Problem Description
Given a sorted list of house positions and an integer k, allocate k mailboxes along the street such that the total distance from each house to its nearest mailbox is minimized. Return this minimum total distance.
Key Insights
- Sorting the houses simplifies the distance computation.
- For any contiguous subset of houses, placing a mailbox at the median minimizes sum of distances.
- Precompute cost for serving houses i to j with one mailbox using the median.
- Use dynamic programming where dp[i][k] represents the minimum cost to allocate k mailboxes for the first i houses.

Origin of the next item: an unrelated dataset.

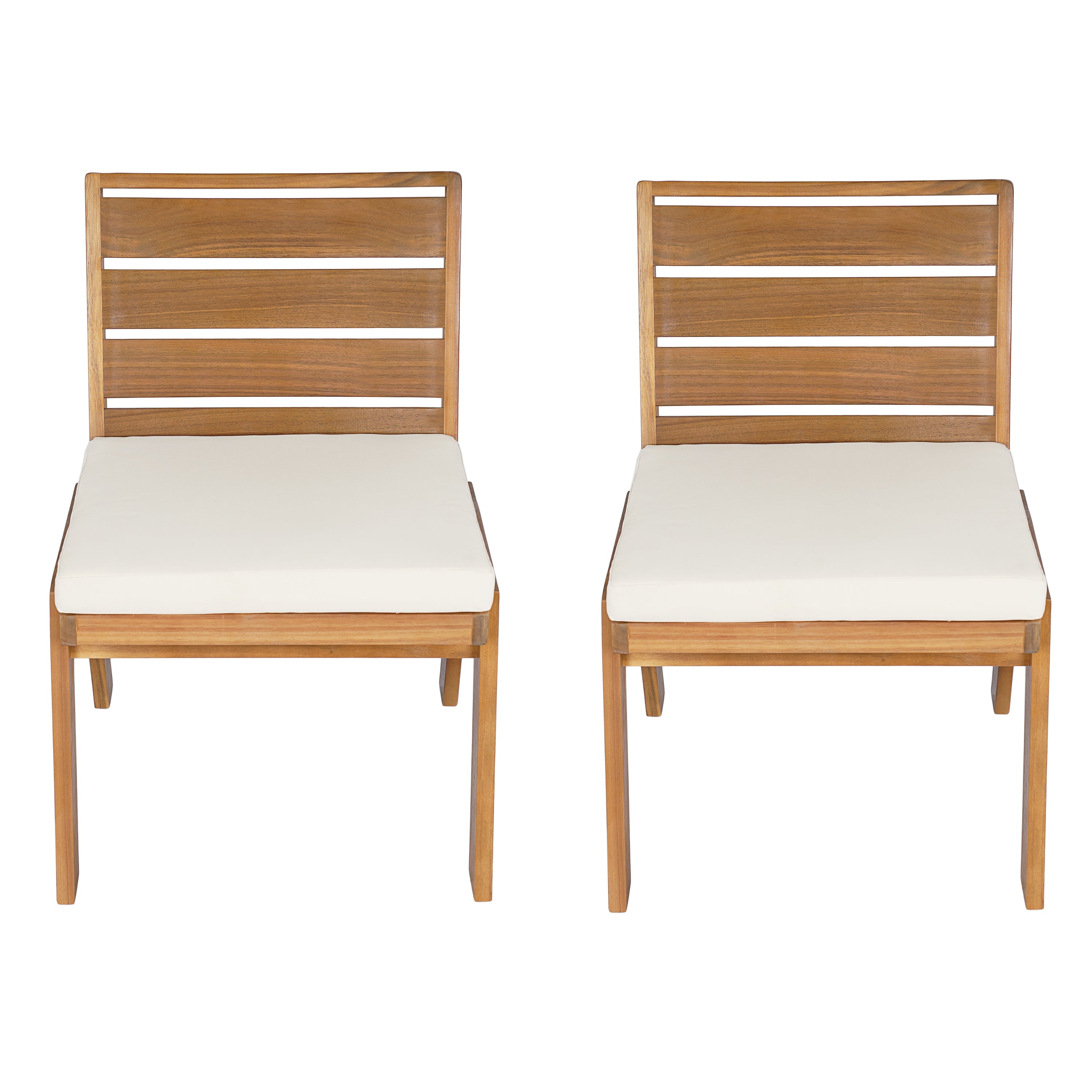 Outdoor Dining Chairs Set of 2 Acacia Wood Patio Beige Cushion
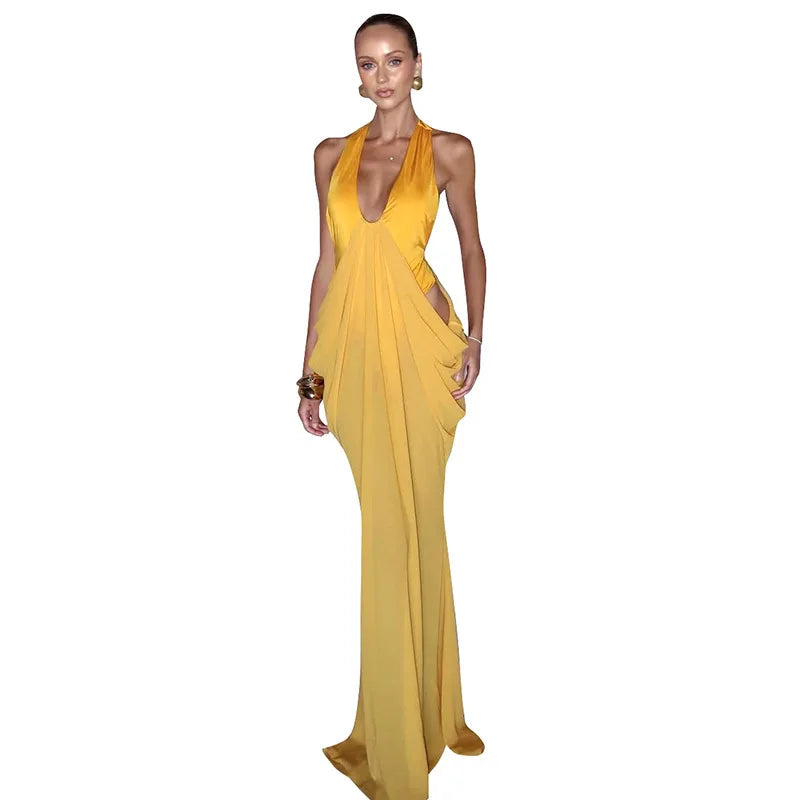 2026 Summer European American Women Sexy Halter Spliced Dress Casual Party Bodycon Dresses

- Transition: dp[i][k] is the minimum over all possible partitions into dp[j][k-1] plus cost for houses j+1 to i.
Space and Time Complexity
Time Complexity: O(n^2 * k) where n is the number of houses (n <= 100). Space Complexity: O(n^2 + n*k) used for the cost precomputation and DP table.
Solution
We start by sorting the house positions. For every possible interval [i, j], we precompute the cost to cover all houses in that interval with a single mailbox placed at the median position. This cost can be computed by summing the absolute differences with the median value.
Next, we define a DP array where dp[i][m] (or dp[i][k]) denotes the minimum cost to cover the first i houses with m mailboxes. For dp[i][m], we examine all possible previous partitions (dp[j][m-1] for 0 <= j < i) and add the precomputed cost for covering houses j+1 to i with one mailbox.
Finally, the answer is dp[n][k] with n denoting the total number of houses. The main challenges include correctly precomputing the costs and setting up the DP transitions, with careful handling of base cases.